A abertura do festival far-se-á esta noite com um concerto paradigmático dos desafios que a Porta-Jazz gosta de colocar: João Grilo, pianista e compositor, apresentará um espectáculo em que se fará acompanhar por músicos estrangeiros (Simon Olderskog Albertsen na bateria e Christian Meaas Svendsen no contrabaixo) e portugueses (José Soares no saxofone), assim como pelo artista visual Miguel C. Tavares. E é paradigmático porque envolve encontros inéditos, entre pares e entre a música e uma outra prática artística, resultando ainda de uma residência promovida pela própria Porta-Jazz, que sempre se tem posicionado como impulsionadora de novos projectos e não como mera plataforma para exposição de um mundo já cartografado. João Grilo será ainda protagonista, na tarde de sábado, de um concerto comentado, antes de o vibrafonista Ricardo Coelho subir ao palco do Rivoli com um quinteto que responde à carta-branca endereçada pelo festival – e que lhe possibilita ter ao seu lado o contrabaixista brasileiro Frederico Heliodoro.
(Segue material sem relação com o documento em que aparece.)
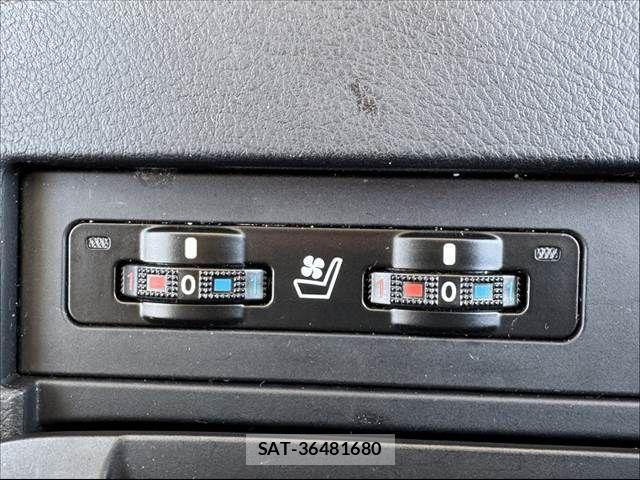 Lexus RX 2014-05 7221134-24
Recuando de novo ao dia de abertura, haverá ainda palco para o Coreto Porta-Jazz, a formação mais emblemática da associação, criada também em 2010 como laboratório de composição para big band. Num primeiro momento, foi João Pedro Brandão a juntar os músicos para testar as suas ideias, mas rapidamente o Coreto se tornou um veículo “para ser usado” por músicos que queiram explorar uma qualidade diferente de composição. Ao longo destes dez anos, a formação interpretou peças originais de Torbjörn Zetterberg, Ohad Talmor, José Pedro Coelho, AP ou Susana Santos Silva, experimentadas em palco e em quatro álbuns; algumas delas serão revisitadas no concerto desta sexta-feira, apropriadamente intitulado Celebration.
AP e Susana Santos Silva são, de resto, dois dos músicos que mostrarão os seus próprios projectos na tarde de sábado. AP instalará no subpalco do teatro A Incerteza do Trio Certo, enquanto a trompetista estreará o segundo capítulo discográfico, The Ocean Inside a Stone, do seu elogiadíssimo quinteto Impermanence, naquele que será o único lançamento desta edição do festival. Por outro lado, argumenta João Pedro Brandão, haverá vários projectos em estreia durante os três dias do Porta-Jazz, a partir de desafios feitos aos músicos ou propostas que lhes vão chegando. “Como a associação é formada por músicos, esse diálogo é muito natural. A programação vai-se construindo durante o ano, porque este não é um festival com curadoria de uma pessoa, é resultado de uma dinâmica de comunidade.”
Algumas dessas estreias acontecerão no domingo, quando músicos da Porta-Jazz se apresentarem ao lado de representantes da associação suíça AMR, Hugo Carvalhais liderar um novo sexteto que integra o saxofonista lituano Liudas Mockunas, ou Ricardo Formoso se mostrar pela primeira vez com um novo quinteto. Antes disso, a noite de sábado aumentará a temperatura com os sugestivos reencontros de João Mortágua com o seu projecto Dentro da Janela e da Orquestra Jazz de Matosinhos com o febril trompetista norte-americano Peter Evans.
Actuações que ficarão decerto na memória de quem entrar no Rivoli e ali se cruzar com um regresso ao tal espírito inicial do festival a que nos referíamos no arranque deste texto. Para esse efeito, a programação foi reduzida para três dias e concentrada apenas num espaço, lembrando esse tempo em que músicos e público se reuniam no Passos Manuel para uma partilha do jazz criado no Porto. Sem saudosismos; apenas à procura de esbarrar de novo na intensidade desses primeiros dias.